Two simple principles!

“We know it has to be done, but it’s hard to do so without it being perceived as personal!” said Jess.

Do you occasionally face a similar situation?

In Jess’ case, it was just a simple thing: removing a former member of the team from the team’s chat group. But it was hard because they had a good relationship with the former team member.

Eventually, they created a new chat group (sans the former team member) and used it in place of the old one. I suspect it might have been easier if they didn’t have a good relationship with the former team member.

This “difficulty” shows up in other situation too, for example:

  • Starting the meeting on-time when one of the key participants has yet to arrive,
  • Getting someone to start or stop doing something,
  • Calling out someone for unacceptable behaviour.

 

We don’t want to offend another person, and much less wanting the other person to think that it’s personal. We don’t want to be the bad guy!

Yet by not acting, we allow the team’s interaction, perhaps even effectiveness, be compromised.

But this doesn’t have to be the case. There is an easy way!

 

An easy way to make a hard decision

If you think about it, we make hard decisions (and execute them) all the time. We hired, fired (ok, maybe this is hard for some people), made hard-nosed financial decisions, invested, killed projects, and more.
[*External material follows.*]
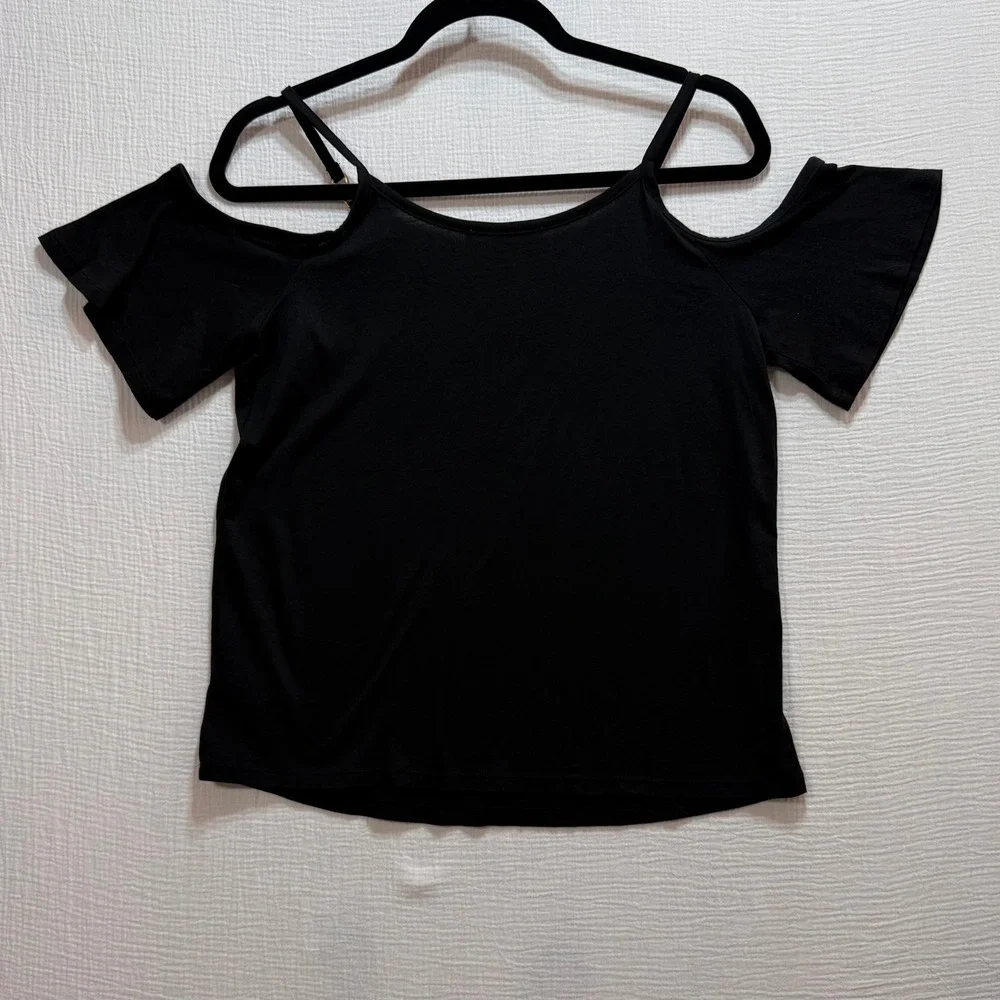 Michael Kors Cold Shoulder Top Womens Small Black Gold Chain Accent Short Sleeve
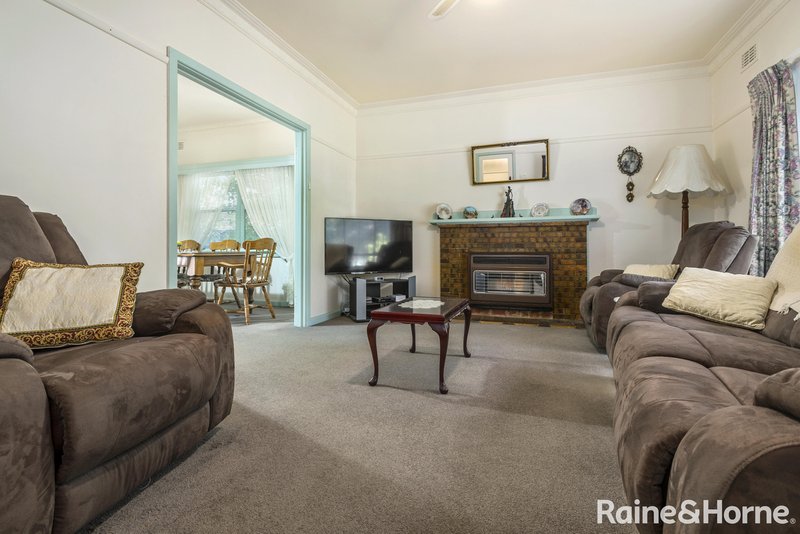 Photo - 86 Edgecombe Street, Kyneton VIC 3444 - Image 3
When having to make a decision that would affect another person (especially someone we have a good relationship with), though, we somehow find it challenging to do so. We are afraid that the other person takes it personally, and we feel bad about having to do it.

Most organisations have an effective instrument that helps leaders make some of the hard decisions: policies!

Policies (administrative policies, HR policies, etc.) are principles and guidelines to help in decision making so that an organisation may be efficient and consistent (among other things) in its operation.

There are at least two reasons policies help leaders in making hard decisions, even the subjective ones or those affecting another person:

  1. Those who crafted the policies already made the decision outside the context of a specific person or situation. It’s not specifically targeting a person, and therefore it’s not personal.
  2. Policies communicate expectations, so people know what will happen. There is no ambiguity.

 

I’m not saying we need to encapsulate everything we do within policies. That would be an overkill.

We could employ the two principles mentioned above, though.

 

1. Make the decision in advance.

Plan ahead. Anticipate what might happen and decide on the expectations and/or course of action.

Leaders can make this decision in consultation with their teams, to facilitate buy-in from team members. Having everyone on the team agreeing to a decision or course of action would make it easier to execute when the need arises.

In Jess’ case, now that they have a new chat group, they could agree as a team that whoever leaves the team should leave the group within a certain number of days, or get removed from the group after that.

A team could agree together that meetings will always start on time, no matter what happens. And if someone is late for a meeting, he/she knows it’s not personal.

“Making a decision in advance, outside the context of a specific person or situation, makes it easier to execute when the need arises.”

 

2. Communicate Expectations.

Having made the decisions, leaders need to communicate those decisions and expectations.

A written set of norms is an excellent way of communicating such expectations. Of course, leaders have to highlight the norms to their team every now and then, so that everyone knows what’s expected of them.

 

Taking the “Person” out of “Personal”

By making decisions in advance and communicating those decisions, I have found it easier to act when the situation arises. No more “I feel bad that I have to do this to you” because it’s now an expected course of action.

For this to work well, however, we have to not allow any exceptions. Otherwise, it becomes “situational” and, therefore, “personal” again.

 

What about you?

What are some areas of your team’s life that might benefit from this way of doing things?

What other ways can you think of that might help make hard decisions easier?